Tupy and Pooley also devise a price elasticity of population (PEP) measure that finds that resource abundance increases faster than population does. In economics, they explain, elasticity is a measure of a variable's sensitivity to a change in another variable. They report:
Between 1980 and 2017, the time-price of our basket of commodities declined by 64.7 percent. Over the same time period, the world's population increased from 4.46 billion to 7.55 billion. That's a 69.3 percent increase. The PEP indicates that the time-price of our basket of commodities declined by 0.934 percent for every 1 percent increase in population.
[P]eople often assume that population growth leads to resource depletion. We found the opposite. Over the past 37 years, every additional human being born on our planet appears to have made resources proportionately more plentiful for the rest of us.
Tupy and Pooley combine their findings with regard to time-price and PEP trends to derive the Simon Abundance Index (SAI). The index is named in honor of University of Maryland economist Julian Simon. Simon famously bet Stanford University population bomber Paul Ehrlich and his colleagues that the real prices of a basket of commodities chosen by Ehrlich priced $1,000 would decline between 1980 and 1990. In October 1990, Ehrlich mailed Simon a check for $576.07, meaning that the price of the commodities had fallen by more than 50 percent.

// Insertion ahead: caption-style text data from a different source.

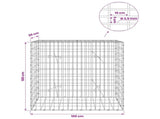 Gabion with 3.5 mm Wire and 5x10 cm Mesh 100x20x100 cm 3462620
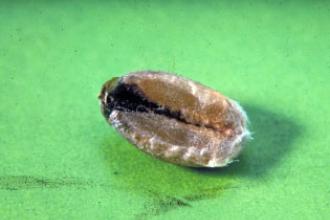 Karnal Bunt symptoms - Invasive.org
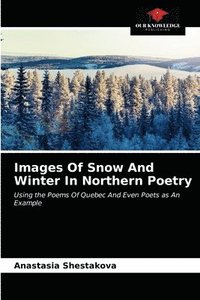 bokomslag Images Of Snow And Winter In Northern Poetry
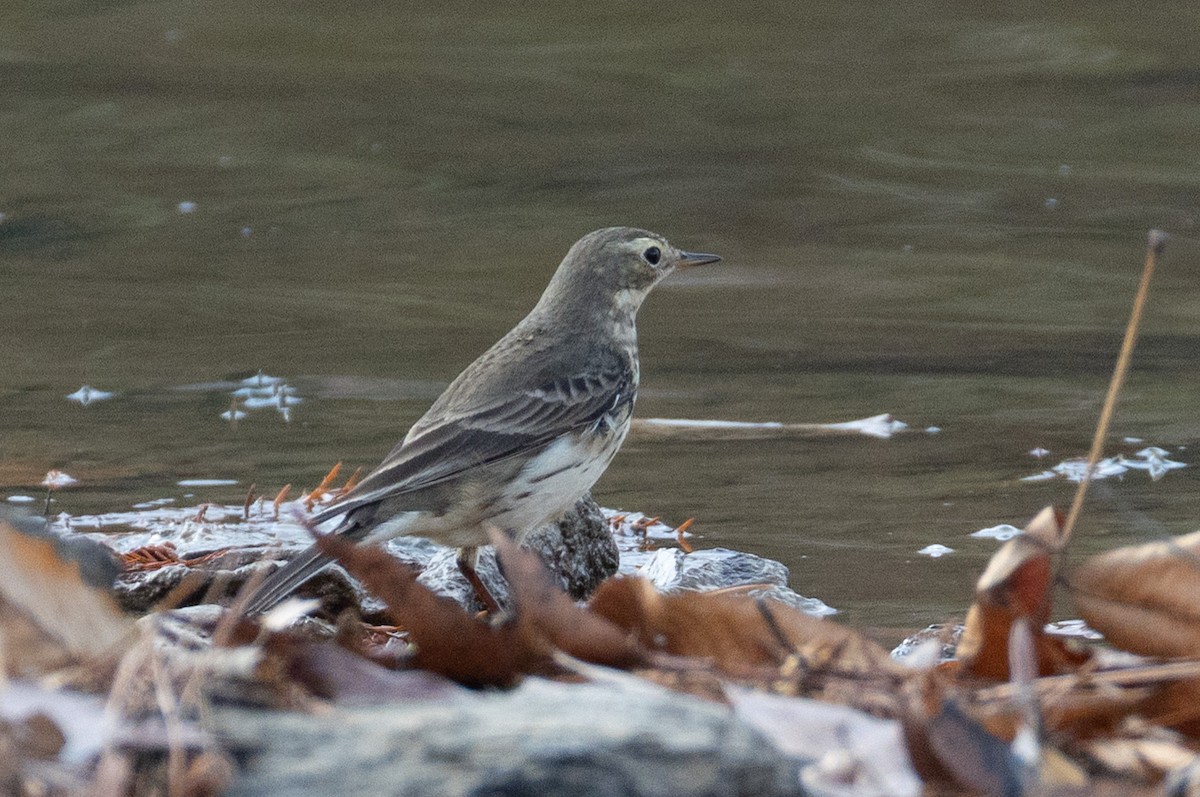 American Pipit - ML645914388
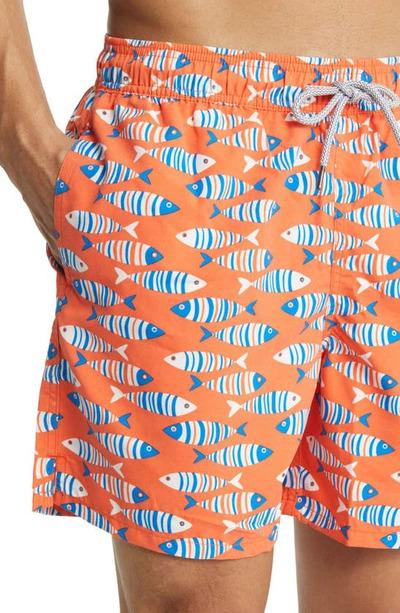 Shop Tom & Teddy Fish Swim Trunks In Striped Orange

The new SAI, explain Tupy and Pooley, represents the ratio of the change in population over the change in the time-price, times 100, with the base year at 1980 and a base value of 100. They report that "between 1980 and 2017, resource availability increased at a compounded annual growth rate of 4.32 percent. That means that the Earth was 379.6 percent more abundant in 2017 than it was in 1980."
They also report that the SAI rose to 479.6 in 2018, meaning the Earth was nearly five times more plentiful with respect to the 50 commodities they track than it it was when Ehrlich and Simon laid their famous wager. What about the future? Tupy and Pooley calculate if current trends continue that "our planet will be 83 percent more abundant in 2054 than it was in 2017."
"The world is a closed system in the way that a piano is a closed system. The instrument has only 88 notes, but those notes can be played in a nearly infinite variety of ways. The same applies to our planet," write the authors. "The Earth's atoms may be fixed, but the possible combinations of those atoms are infinite. What matters, then, is not the physical limits of our planet, but human freedom to experiment and reimagine the use of resources that we have."
The SAI devised by Tupy and Pooley elegantly refutes the primitive zero-sum intuitions peddled by the likes of Ehrlich and his acolytes that afflict so much of popular and policy discourse with respect to population and resource availability trends.
*Disclosure: Marian Tupy and I are working together on book that tracks and explains nearly 100 global population, income, commodity, and environmental trends.